Transcribe all of the data verbatim, please, and leave out its pictures.
+++
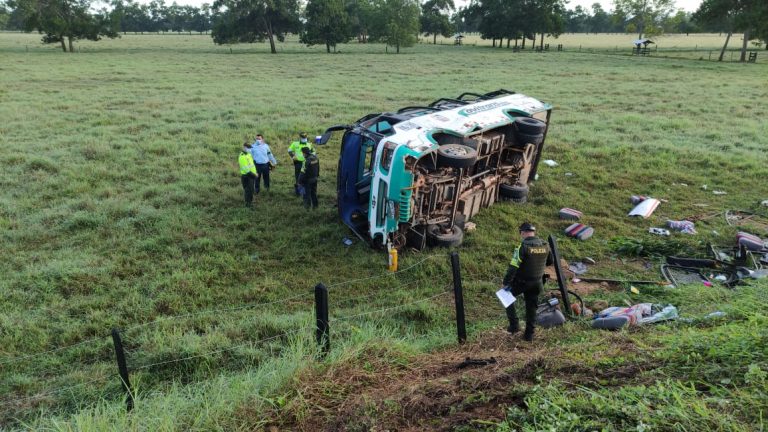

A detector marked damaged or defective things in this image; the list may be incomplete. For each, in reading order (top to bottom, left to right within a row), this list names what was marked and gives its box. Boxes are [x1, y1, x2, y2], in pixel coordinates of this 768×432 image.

overturned bus [322, 88, 552, 250]
damaged vehicle wheel [438, 145, 474, 169]
damaged vehicle wheel [498, 182, 528, 202]
damaged vehicle wheel [426, 223, 462, 246]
+++
Response to this task:
A detector marked damaged or defective things in this image; the list may be incomplete. For each, in reading order (top to bottom, left to right within a row), this list names what was marked and gives its box. Boxes are [x1, y1, x2, y2], in pixel coordinates of this 768×432 image.

overturned bus [322, 88, 552, 250]
damaged vehicle wheel [438, 145, 474, 169]
damaged vehicle wheel [498, 182, 528, 202]
damaged vehicle wheel [426, 223, 462, 246]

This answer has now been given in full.